Dataset entries

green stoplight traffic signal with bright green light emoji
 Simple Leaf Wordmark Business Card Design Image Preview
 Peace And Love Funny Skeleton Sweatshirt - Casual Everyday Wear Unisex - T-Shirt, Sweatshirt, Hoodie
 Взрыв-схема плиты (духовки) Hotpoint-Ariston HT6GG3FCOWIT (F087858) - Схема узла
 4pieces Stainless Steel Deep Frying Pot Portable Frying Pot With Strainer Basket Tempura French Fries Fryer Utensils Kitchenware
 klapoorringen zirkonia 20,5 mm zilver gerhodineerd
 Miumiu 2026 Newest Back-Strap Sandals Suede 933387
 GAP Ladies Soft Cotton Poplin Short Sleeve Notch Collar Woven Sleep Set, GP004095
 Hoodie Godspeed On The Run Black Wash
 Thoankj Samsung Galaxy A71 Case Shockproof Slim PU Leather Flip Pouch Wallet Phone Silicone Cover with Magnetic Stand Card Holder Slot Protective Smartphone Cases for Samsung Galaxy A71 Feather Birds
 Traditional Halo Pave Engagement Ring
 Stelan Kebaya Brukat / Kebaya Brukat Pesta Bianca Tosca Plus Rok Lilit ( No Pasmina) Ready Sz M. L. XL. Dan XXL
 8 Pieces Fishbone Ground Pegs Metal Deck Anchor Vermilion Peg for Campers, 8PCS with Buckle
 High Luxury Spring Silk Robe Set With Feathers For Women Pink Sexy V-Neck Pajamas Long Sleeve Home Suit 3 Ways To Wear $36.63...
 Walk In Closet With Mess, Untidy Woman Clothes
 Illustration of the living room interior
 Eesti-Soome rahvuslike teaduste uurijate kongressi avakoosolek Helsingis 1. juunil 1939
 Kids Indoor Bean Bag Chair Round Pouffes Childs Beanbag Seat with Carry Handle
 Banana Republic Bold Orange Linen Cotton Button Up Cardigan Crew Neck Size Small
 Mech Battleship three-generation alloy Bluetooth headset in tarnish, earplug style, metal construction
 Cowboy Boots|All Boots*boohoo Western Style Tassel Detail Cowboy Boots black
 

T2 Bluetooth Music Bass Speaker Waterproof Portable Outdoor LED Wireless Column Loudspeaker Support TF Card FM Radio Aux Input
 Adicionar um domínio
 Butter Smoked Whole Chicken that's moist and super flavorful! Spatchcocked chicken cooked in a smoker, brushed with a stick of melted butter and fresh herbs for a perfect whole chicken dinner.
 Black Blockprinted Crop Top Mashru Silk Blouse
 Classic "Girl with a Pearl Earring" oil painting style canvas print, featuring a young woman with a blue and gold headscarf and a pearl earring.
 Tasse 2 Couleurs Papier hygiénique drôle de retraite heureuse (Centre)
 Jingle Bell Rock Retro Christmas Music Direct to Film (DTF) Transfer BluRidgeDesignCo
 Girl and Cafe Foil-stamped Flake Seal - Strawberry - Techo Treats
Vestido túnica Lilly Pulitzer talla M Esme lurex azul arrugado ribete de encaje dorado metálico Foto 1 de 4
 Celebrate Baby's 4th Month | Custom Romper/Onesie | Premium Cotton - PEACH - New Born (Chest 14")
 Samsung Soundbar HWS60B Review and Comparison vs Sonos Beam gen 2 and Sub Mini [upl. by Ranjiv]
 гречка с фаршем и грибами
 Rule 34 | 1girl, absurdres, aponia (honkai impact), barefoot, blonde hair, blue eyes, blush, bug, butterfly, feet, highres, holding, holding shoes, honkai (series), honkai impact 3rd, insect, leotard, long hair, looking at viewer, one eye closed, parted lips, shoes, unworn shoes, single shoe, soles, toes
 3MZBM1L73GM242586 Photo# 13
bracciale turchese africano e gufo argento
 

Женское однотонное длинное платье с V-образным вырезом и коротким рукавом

**ACTION ITEM:** Only the lines above from the one with "Thoankj Samsung Galaxy" through the one with "Stelan Kebaya Brukat" should be duplicated, character for character.

**WRITTEN ANSWER:**
 Thoankj Samsung Galaxy A71 Case Shockproof Slim PU Leather Flip Pouch Wallet Phone Silicone Cover with Magnetic Stand Card Holder Slot Protective Smartphone Cases for Samsung Galaxy A71 Feather Birds
 Traditional Halo Pave Engagement Ring
 Stelan Kebaya Brukat / Kebaya Brukat Pesta Bianca Tosca Plus Rok Lilit ( No Pasmina) Ready Sz M. L. XL. Dan XXL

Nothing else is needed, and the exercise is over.